I have still several Scarlet Pimpernel books to write about, but given what I have noted about the similar elements in their plots, I thought today I should move to one that is very different from the rest. This was the last Scarlet Pimpernel book, Mam’zelle Guillotine, which was published in 1940, 35 years after the first one.
The lady of the title is Gabrielle Damiens, who becomes the public executioner of the town of Artois. Her thirst for the blood of aristocrats is based on two factors, one the execution of her father who had been used by a group of aristocrats to push the king into action against revolutionaries, the other her incarceration when she seduces the son of one of them, the Vicomte Fernand de-Luque, whose prospective mother-in-law was the king’s mistress and uses imprisonment to stop the blackmail Gabrielle was attempting.
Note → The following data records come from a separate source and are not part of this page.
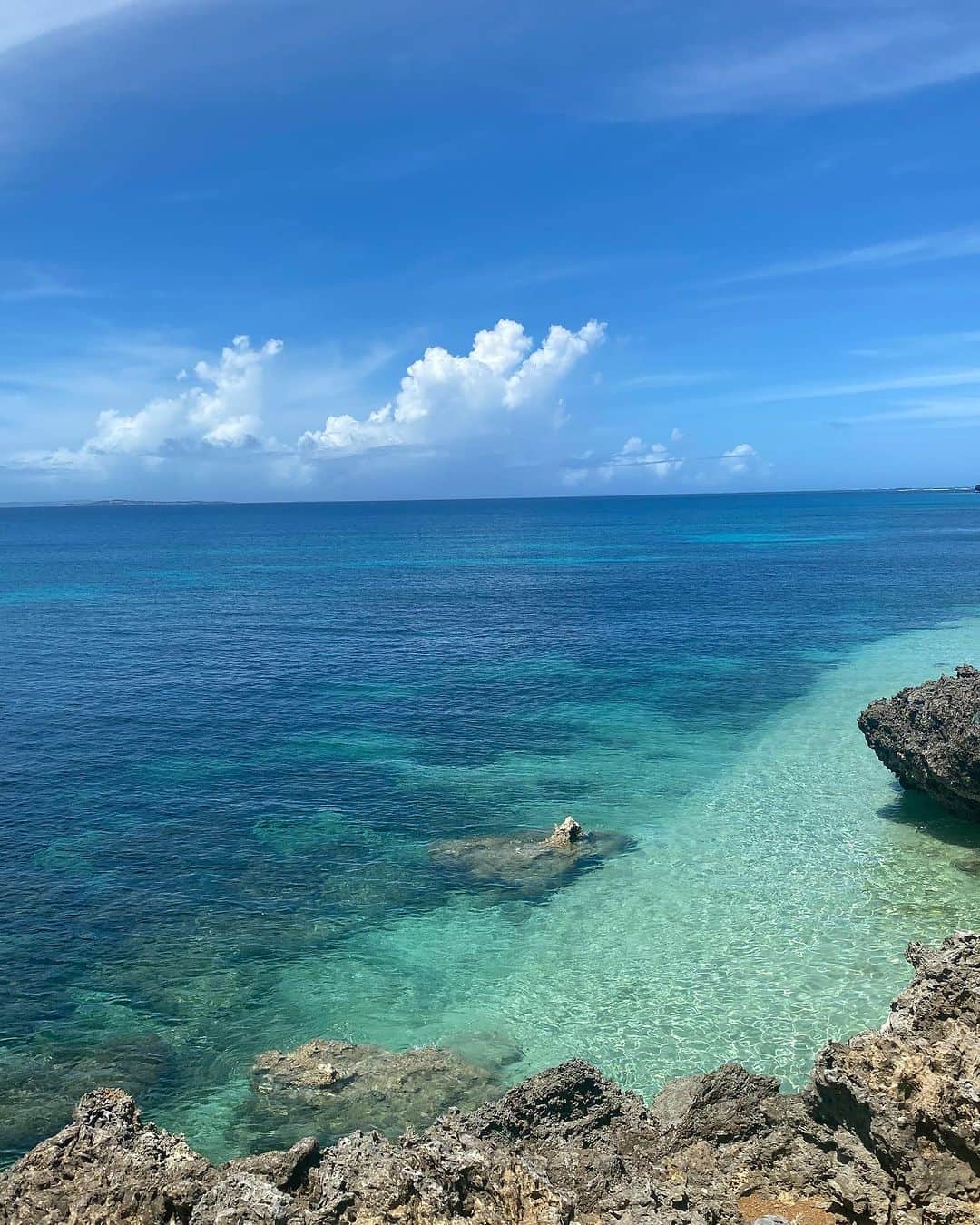 MAYUのインスタグラム：「海の匂い、波の音 そして果てしなく広がる青い世界 全てが好きすぎる🥹💙🙏🏽  当たり前ではなく創り出してくれてる自然とこの環境に感謝🫶🫶  ┈┈┈┈┈┈┈┈┈┈ 🇯🇵 #日本  #Japan #沖縄 #Okinawa」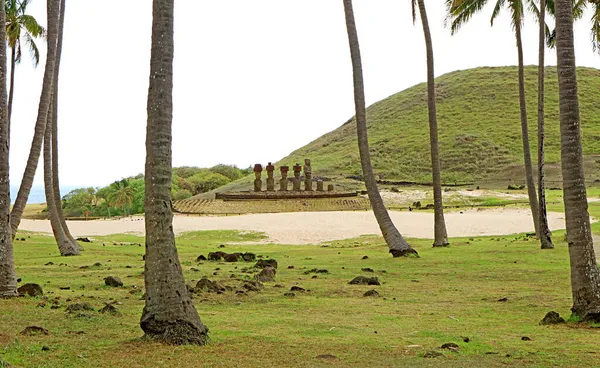 位于智利复活节岛Anakena海滩的Ahu Nau Nau七个莫埃人和Ahu Ature Huki仪式平台的单个莫埃人 — 图库照片
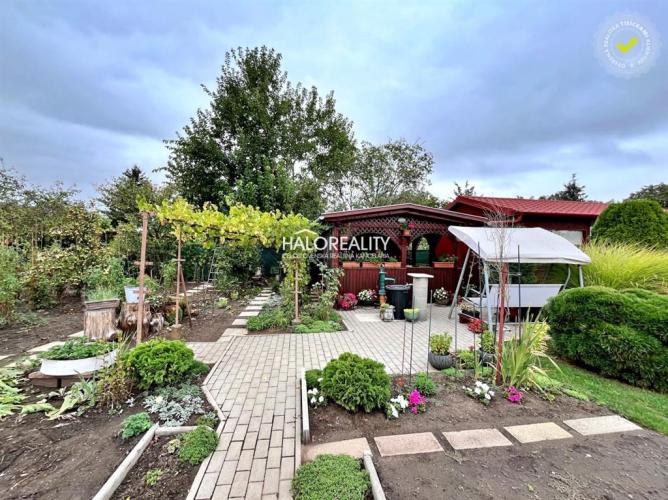 Reality Predaj, záhradná chata Levice, s altánkom, udržiavaným upraveným pozemkom - EXKLUZÍVNE HALO R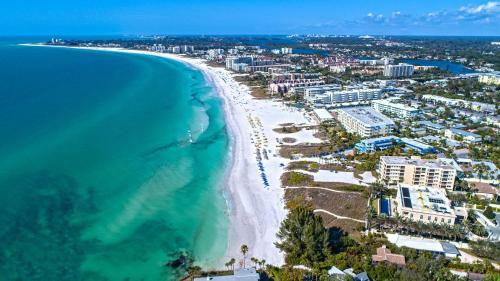 Hotel Comfort Suites Sarasota-siesta Key
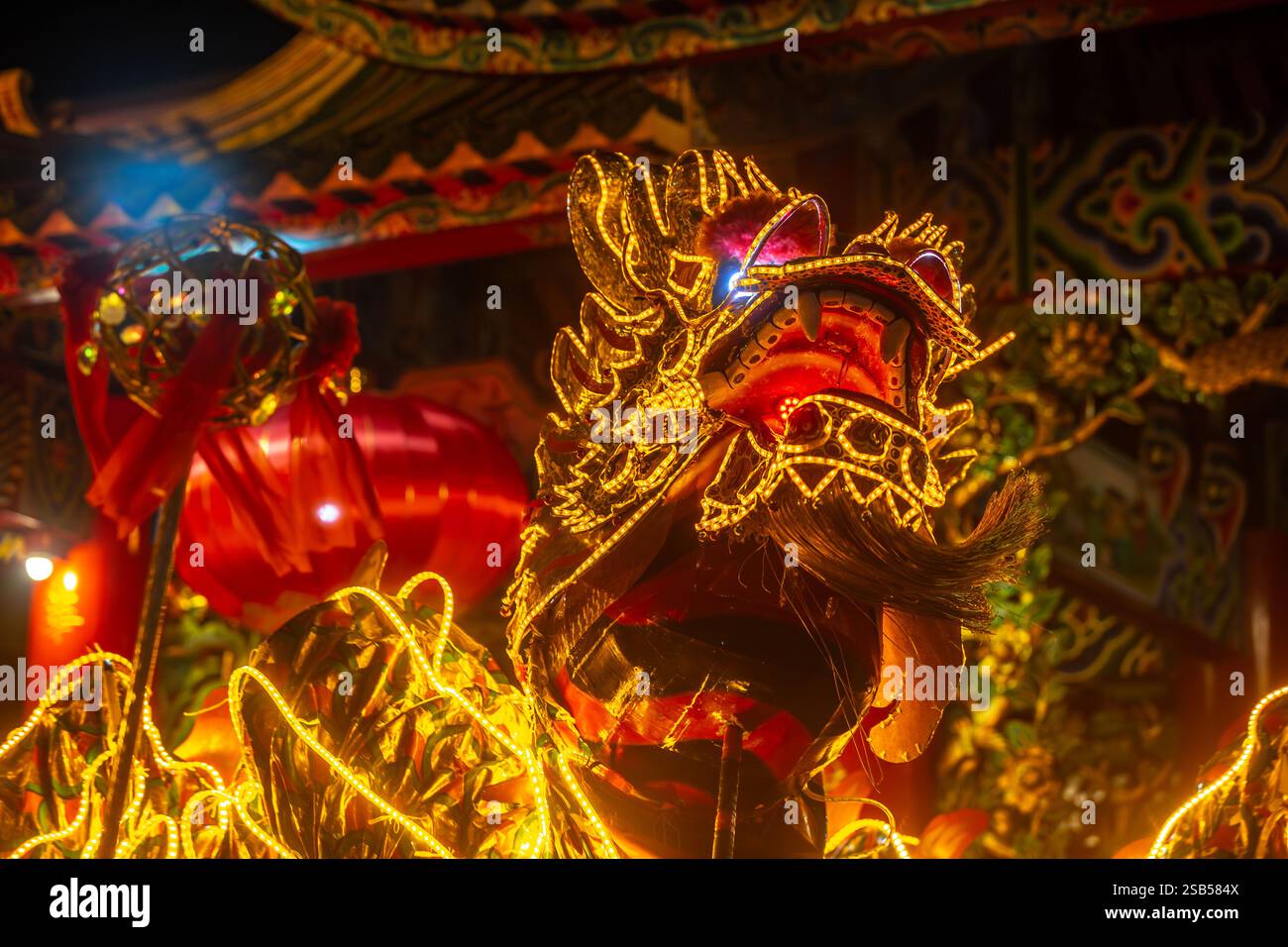 Chinesischer Drache Während Des Chinesischen Neujahrsfestes. Stockfoto
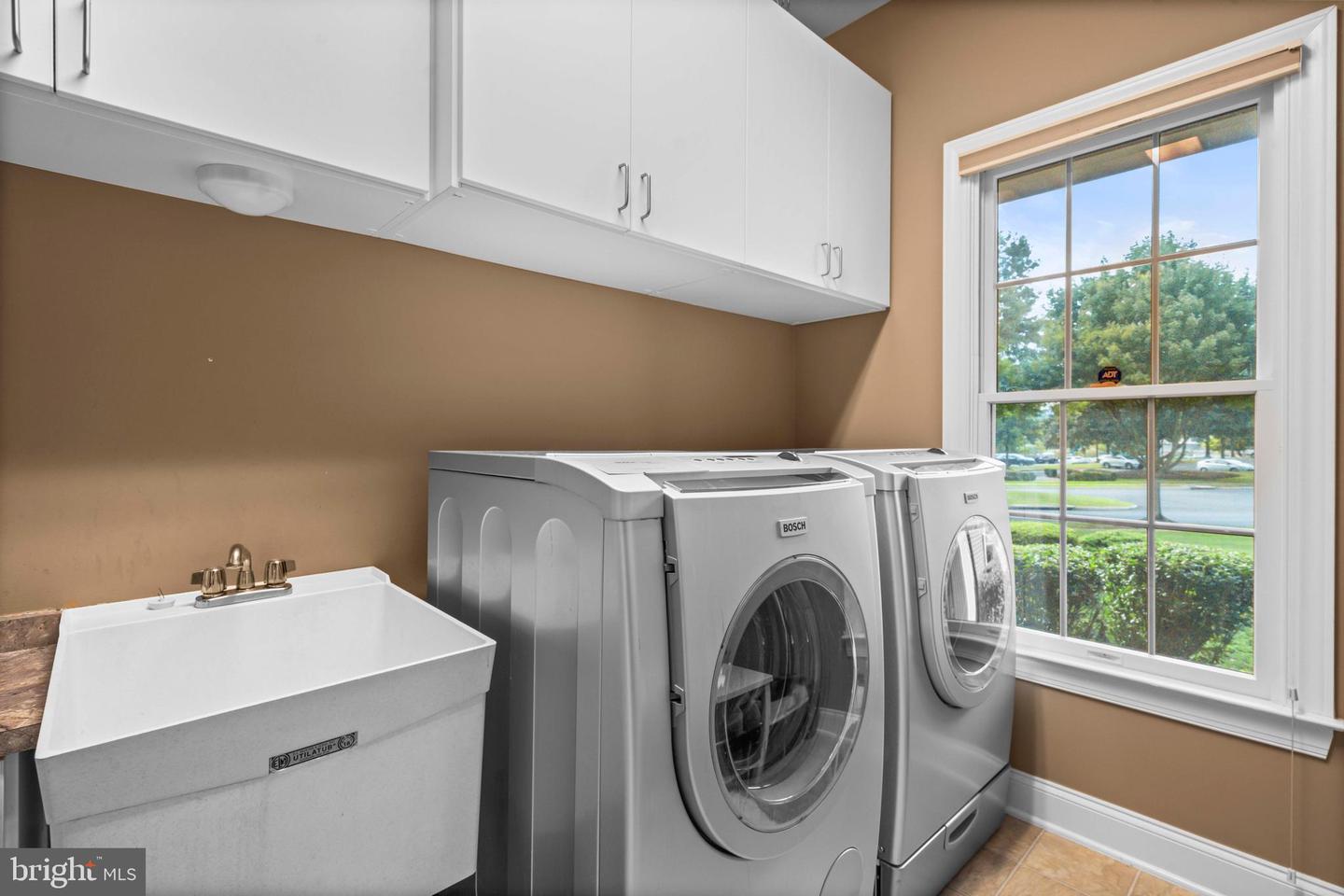 15061 DORAL PL, HAYMARKET, Virginia 20169, 4 Bedrooms Bedrooms, ,5 BathroomsBathrooms,Residential,For sale,15061 DORAL PL,VAPW2100984 MLS # VAPW2100984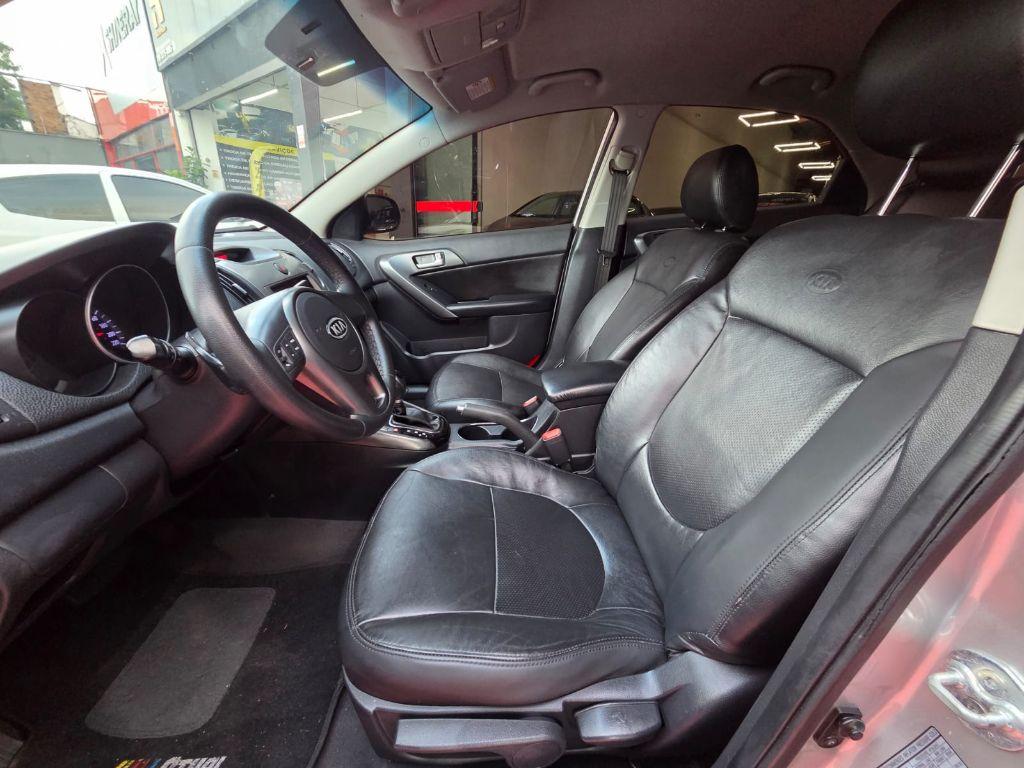 KIA Cerato Sedan - Foto
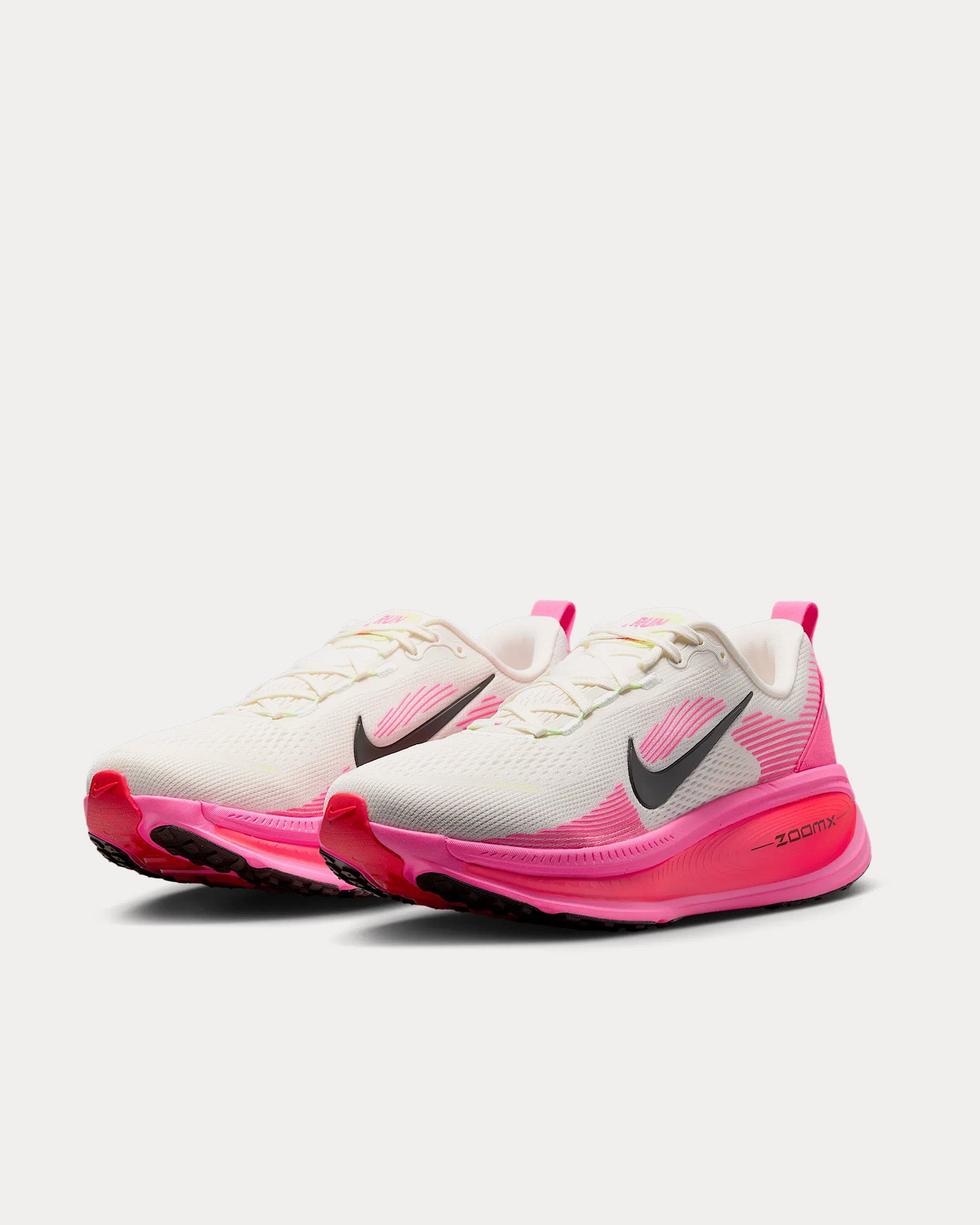 Nike Men's Vomero 18 Sail / Hyper Pink / Hyper Pink / Sequoia Running Shoes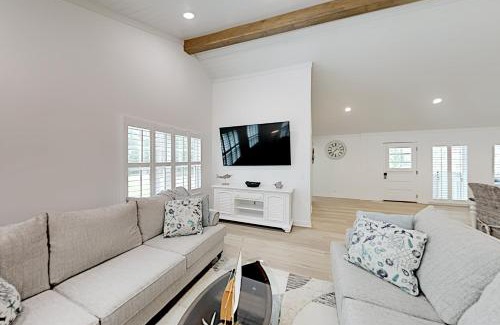 Ocean Isle Beach House | Ocean Isle Hidden Retreat A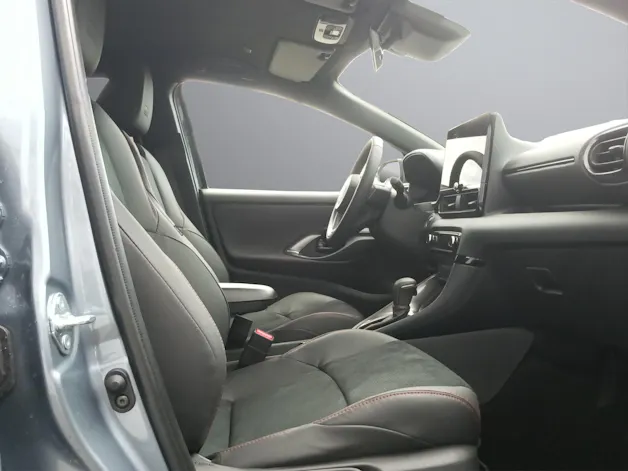 Toyota Yaris 1.5 VVT-i HSD GR Sport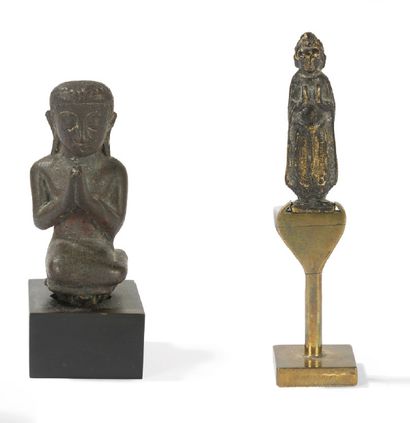 null Bouddha en prière
Sculpture en bronze patiné.
Chine - Travail moderne.
H. 7...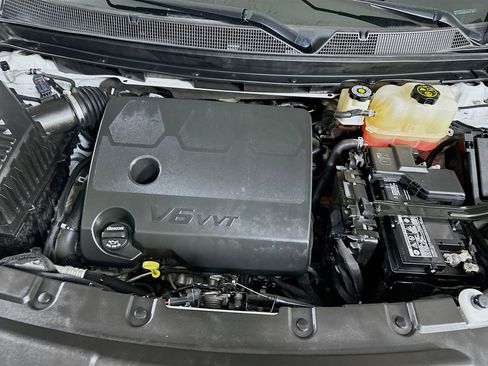 Used 2023 Chevrolet Traverse LS w/ Midnight/Sport Edition image 32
When she is finally set free because of the revolution, she becomes one of its leading lights. In Artois she captures de-Luque and his family and, though he and his son are freed by the Pimpernel, she is determined to eliminate the wife and two daughters.
But she is told to hold back since the Scarlet Pimpernel will doubtless try to rescue them, and this will be an opportunity to catch him. Chauvelin sends an agent for this purpose, who flirts with her, but then she is told that he is in fact the Pimpernel. The very different agent who informs her of this turns out however to be Sir Percy in yet another disguise.
Baroness Orczy has high fun in describing the woman’s infatuation, and the bizarre performances of Sir Percy, as two very different types of secret agent, neither of whom is in any danger of being caught. Entertaining too is the dance he leads her underlings, who are bemused by her indulging every whim of the supposed agent, but have no choice but to obey. And of course he succeeds in getting the Vicomtesse and her children safely away, leaving Gabrielle, whom he has taken with him for the ride, drugged in an inn.
Her humiliation complete, there is nothing left for her to do but kill herself. The novel does not assert this definitely, but our last sight of her is at a pool, the depth of which she cannot gauge, and next morning there is no sign of her, but the wig and other elements the Pimpernel had used to disguise himself are found on a rock.
The ending, and the account of the bitter experiences of her childhood, could well have made her a tragic victim of fate as much as a villain, but the grotesqueries Baroness Orczy introduces preclude this. But if the villainy that results from suffering is excessive here, so is that suffering, in line with a constant theme of the Scarlet Pimpernel books, the horrors of the ancient regime which the French Revolution got rid of, albeit at tremendous cost.